Thursday, June 4, 2009

A dangerous place to live.

I enjoyed watching a list of supposedly secure and dangerous countries on earth. Norway was number 3 after Denmark and New Zealand. America landed on number 83 and Israel was listed as the fourth most unsecure place to live being all the way down to 141 and having only Somalia, Afghanistan and Iraq being considered as even worse.
……and I say to myself, “What a wonderful world!”

What scares me the most in Israel is the bureaucracy.

Elin Elkouby
Choosing what to hear, what to see and what to say.

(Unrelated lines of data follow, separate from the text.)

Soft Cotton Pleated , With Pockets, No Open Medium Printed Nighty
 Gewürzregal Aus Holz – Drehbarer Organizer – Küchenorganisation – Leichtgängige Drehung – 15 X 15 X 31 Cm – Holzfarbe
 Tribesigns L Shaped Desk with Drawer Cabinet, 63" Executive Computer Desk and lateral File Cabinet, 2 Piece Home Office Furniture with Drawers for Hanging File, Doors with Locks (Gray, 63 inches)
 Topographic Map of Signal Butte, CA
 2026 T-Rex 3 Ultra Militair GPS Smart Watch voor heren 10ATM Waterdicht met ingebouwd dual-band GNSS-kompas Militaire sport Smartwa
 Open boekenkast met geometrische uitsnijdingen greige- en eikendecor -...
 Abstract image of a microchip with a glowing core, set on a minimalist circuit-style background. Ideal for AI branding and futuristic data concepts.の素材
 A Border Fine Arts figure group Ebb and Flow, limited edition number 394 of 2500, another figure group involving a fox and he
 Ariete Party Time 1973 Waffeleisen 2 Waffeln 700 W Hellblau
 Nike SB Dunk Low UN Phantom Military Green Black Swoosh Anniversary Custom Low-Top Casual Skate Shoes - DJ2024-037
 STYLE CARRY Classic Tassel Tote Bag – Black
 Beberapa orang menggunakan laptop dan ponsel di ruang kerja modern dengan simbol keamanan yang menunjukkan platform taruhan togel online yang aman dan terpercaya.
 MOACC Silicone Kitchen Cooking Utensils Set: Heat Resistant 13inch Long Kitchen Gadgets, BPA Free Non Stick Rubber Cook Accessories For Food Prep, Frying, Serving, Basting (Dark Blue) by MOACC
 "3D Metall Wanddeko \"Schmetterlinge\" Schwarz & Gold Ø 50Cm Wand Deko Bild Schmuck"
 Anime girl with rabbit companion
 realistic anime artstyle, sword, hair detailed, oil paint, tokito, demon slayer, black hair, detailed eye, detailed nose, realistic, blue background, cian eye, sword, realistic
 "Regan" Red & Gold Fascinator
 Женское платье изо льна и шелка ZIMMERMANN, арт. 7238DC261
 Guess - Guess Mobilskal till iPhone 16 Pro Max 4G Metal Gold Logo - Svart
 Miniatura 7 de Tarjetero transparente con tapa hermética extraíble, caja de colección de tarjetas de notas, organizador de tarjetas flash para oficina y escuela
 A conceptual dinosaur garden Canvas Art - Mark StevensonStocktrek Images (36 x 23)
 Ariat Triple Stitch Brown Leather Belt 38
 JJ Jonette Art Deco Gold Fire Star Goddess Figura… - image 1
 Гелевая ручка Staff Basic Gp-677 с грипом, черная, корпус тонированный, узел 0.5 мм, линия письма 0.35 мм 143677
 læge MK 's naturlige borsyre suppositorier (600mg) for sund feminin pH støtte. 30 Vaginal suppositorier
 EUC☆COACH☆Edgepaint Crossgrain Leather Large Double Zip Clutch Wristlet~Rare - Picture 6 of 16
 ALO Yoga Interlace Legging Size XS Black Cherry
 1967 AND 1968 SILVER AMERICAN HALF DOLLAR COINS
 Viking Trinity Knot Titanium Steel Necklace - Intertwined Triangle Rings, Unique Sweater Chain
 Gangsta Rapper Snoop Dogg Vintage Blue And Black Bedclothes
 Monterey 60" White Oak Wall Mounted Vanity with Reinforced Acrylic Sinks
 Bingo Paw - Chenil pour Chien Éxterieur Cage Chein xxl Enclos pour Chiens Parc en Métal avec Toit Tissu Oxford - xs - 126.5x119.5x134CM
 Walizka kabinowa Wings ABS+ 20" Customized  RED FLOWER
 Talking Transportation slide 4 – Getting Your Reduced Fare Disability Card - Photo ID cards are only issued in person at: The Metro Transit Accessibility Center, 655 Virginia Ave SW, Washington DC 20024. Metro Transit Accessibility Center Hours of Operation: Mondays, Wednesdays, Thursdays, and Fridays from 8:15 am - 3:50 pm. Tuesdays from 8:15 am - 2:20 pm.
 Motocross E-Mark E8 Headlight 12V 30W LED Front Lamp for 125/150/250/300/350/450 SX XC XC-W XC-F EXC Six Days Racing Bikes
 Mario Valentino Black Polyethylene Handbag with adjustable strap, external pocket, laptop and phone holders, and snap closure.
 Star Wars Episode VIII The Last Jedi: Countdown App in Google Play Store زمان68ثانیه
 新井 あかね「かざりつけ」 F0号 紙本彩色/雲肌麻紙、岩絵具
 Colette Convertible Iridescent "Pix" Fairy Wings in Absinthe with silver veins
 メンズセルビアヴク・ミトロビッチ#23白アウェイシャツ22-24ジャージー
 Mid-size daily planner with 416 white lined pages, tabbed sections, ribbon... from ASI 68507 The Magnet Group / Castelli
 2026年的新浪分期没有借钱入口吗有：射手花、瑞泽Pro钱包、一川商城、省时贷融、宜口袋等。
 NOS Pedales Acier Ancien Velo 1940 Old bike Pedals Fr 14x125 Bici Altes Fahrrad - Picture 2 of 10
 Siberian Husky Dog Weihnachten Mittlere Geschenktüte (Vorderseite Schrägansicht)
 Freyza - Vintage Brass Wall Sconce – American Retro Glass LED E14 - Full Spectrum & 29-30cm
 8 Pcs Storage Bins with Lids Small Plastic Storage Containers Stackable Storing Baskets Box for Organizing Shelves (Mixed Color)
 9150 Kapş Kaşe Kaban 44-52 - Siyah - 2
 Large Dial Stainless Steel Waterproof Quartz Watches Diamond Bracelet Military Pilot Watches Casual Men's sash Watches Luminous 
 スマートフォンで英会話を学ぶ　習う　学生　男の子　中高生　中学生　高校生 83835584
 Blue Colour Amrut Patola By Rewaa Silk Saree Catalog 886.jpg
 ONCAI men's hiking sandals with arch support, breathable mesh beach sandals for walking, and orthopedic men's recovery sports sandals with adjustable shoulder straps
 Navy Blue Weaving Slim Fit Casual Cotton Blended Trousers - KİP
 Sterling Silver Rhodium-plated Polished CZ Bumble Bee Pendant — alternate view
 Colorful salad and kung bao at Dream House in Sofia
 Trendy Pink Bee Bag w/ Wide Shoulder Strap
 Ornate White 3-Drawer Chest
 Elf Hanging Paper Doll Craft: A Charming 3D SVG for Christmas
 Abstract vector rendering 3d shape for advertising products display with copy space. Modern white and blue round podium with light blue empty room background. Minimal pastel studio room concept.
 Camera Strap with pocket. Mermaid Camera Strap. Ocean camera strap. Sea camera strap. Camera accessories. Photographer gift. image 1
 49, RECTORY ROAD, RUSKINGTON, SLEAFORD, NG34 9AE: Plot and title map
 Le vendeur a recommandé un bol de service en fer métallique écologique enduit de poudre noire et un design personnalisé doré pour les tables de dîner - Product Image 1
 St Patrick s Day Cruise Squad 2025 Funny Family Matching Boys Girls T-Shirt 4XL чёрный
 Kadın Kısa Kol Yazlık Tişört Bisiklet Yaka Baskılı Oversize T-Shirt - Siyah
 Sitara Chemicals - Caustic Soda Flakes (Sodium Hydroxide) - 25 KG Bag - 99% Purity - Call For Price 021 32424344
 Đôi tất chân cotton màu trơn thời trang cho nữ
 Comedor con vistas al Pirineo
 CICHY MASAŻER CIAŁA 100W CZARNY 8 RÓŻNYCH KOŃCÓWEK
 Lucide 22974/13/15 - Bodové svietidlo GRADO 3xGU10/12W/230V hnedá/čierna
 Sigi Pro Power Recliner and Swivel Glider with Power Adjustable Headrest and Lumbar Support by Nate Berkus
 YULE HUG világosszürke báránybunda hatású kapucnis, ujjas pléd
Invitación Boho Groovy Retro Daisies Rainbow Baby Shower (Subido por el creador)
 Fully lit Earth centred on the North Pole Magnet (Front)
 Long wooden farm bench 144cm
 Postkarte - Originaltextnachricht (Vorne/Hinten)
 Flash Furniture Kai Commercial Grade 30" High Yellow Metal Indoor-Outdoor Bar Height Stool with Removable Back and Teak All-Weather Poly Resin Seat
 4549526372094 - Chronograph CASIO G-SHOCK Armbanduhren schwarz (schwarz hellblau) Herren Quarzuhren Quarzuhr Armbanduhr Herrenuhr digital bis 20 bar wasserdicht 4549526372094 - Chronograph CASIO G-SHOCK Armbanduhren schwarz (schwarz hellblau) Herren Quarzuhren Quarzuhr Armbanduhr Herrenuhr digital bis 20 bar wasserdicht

The Norwegian doctor Erik Fosse was back in Gaza almost a week ago. His college Mads Gilbert was not allowed to cross the border by Israeli authorities.
The two were the first foreign doctors to enter Gaza during the war last December and January and as such became spokesmen to the world concerning the situation in Gaza. Their description of what was going on was heavily colored by their personal political standpoint which is far (and further than far ) to the left and “signal red” by dye.
The base of their understanding concerning the conflict between the Moslem and the Western world is that “Israel is to blame” and that “America is the source of most evil”.
Whoever listens to them should at least know that before they uncritically accept their reports.
Magdi Allam used to belong to the same side in politics. He was born into a Moslem family and raised in Egypt but left for Italy in 1972 where he studied and ended up as one of Italy’s most famous journalists. He used to work for the communist newspaper “Il Manifesto” and continued to the center-left leaning paper “La Repubblica.” He was outspoken as a supporter of the Palestinian issue, an admirer of Yassir Arafat, supported Moslem immigration as well as the building of Mosques in Europe and used every opportunity to speak and write against Israel.
But, this has changed. From 2002 on he went through a major change of mind concerning the issues which had been his main focus for more than 25 years. He all of a sudden got an understanding of what the leading Moslems are after and it has caused him to pull the breaks. He is now the deputy director of one of Italy’s oldest newspapers called “Corriere della Sera” and has written a book called “Viva Israele” or “Long live Israel.
He accused Italy and the West of ignoring the dangers of an imminent "Islamization" of the society, and a possible Jihad (Islamic holy war) in Europe.
He’s criticizing Hamas and is saying that "the origin of the ideology of hatred, violence and death is the discrimination against Israel”
"I thought it was a big mistake to allow a terror organization to participate in elections. Condoleezza Rice and Tony Blair deluded themselves in believing that Hamas' very participation in the government would turn the group into a pragmatic political power. Instead, it turned out that Hamas will never recognize Israel's right to exist, will not relinquish terror and will not honor international agreements signed by the Palestinian Authority. Hamas wants absolute rule in order to impose sharia and to revive the international Islamic caliphate. As it pushes for absolute rule, it does not hesitate to massacre its Palestinian brothers in Gaza. It will try to do the same thing in the West Bank."

It is interesting that he sees what others refuse to see. Most people die with the opinions they had and the conclusions they made at a young age. Very few are brave enough to dare admit that what they used to believe is actually wrong. It takes courage to do so; especially when it causes danger to ones life. Magdi Allam never needed police protection before he changed opinion. Now he is surrounded by security guards around the clock.

What he said about Hamas is right. Last Saturday 6 people were killed as Abu Mazen’s security force came to arrest a couple of Hamas terrorists in the town of Qalqilyah. Three of the killed were policemen and the other three were the two terrorists and the house keeper where they were hiding. The case is considered the bloodiest intra-Palestinian incident in the West Bank in years and there is fear that the conflict within the Palestinian society will spread to other towns in the area. Hamas, of course, has promised revenge although it was the two terrorists who opened fire and shot policemen first.

How come that I cannot find this to have been reported in any media abroad ????